I am a great admirer of Kahneman. Trained as a psychologist, along with his co-Laureate Vernon Smith, he more or less created experimental and applied behavioural economics. He had the extraordinary idea (!) that instead of theorising a priori about how ‘rational’ people ought to behave, we should observe how people really do behave.

His work shows that, in general, people do not behave as the model of Rational Economic Person says they should. His Nobel lecture is very accessible, written in English, and is available here at concludes that ‘people reason poorly and act intuitively’.

Yet despite his scientific standing, economic theory has so far made very little use of his results. Theoretical journals are still replete with articles full of calculus, in which agents (economist-speak for ‘people’) are reasoning very well, and taking the ‘optimal’ decision.

So there is a schizophrenia in the profession of economics. Nobel prizes are awarded to people whose work shows empirically that in general people do not optimise. Theoretical work carries on in the same old way, assuming that they do.

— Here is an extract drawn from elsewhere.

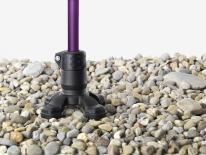 【オッセンベルクステッキ専用土台】4支点　セーフティーベース　ブラック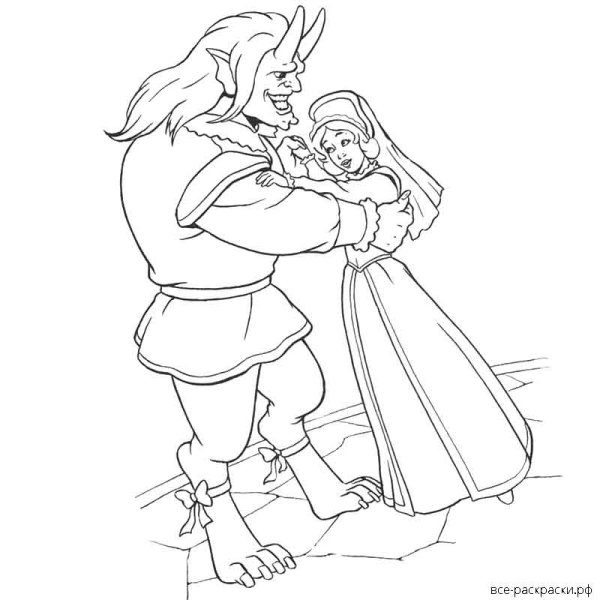 Аленький цветочек раскраска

Why is this? Perhaps Kahneman’s own work gives us an insight. He distinguishes between System 1 and System 2 thinking. System 1 is when the brain is almost on autopilot. He illustrated this in his talk last night. ‘If I mention the word “vomit”, your brain reacts. If I ask “what is 2 plus 2?”, the answer comes in your mind automatically’. System 2 thinking requires much more effort – most people, he said, cannot multiply 24 and 17 whilst at the same time negotiating a right turn in heavy traffic.

Actually, I guess that most economists *could* do this. Many of them could even carry out the maths required to optimise a particular function at the same time! In other words, economists are so steeped in calculus, they have performed these mathematical operations so many time, that for them, the maths of calculus has become System 1 thinking.

So when economists approach a problem it has become second nature to write down some functions and to maximise (or minimise) them. It is as instinctive as adding 2 and 2 is for more normal people.

But Kahneman’s empirical insights require hard System 2 thinking. You are trying to understand a particular problem. Well, exactly how do agents behave in this situation? What rules are they following, how do we translate them into maths, can we solve the resulting equations or do we need numerical solutions?

In short, it is much harder to do Kahneman-inspired theory than it is to maximise a utility function. In economic theory, System 1 thinking rules!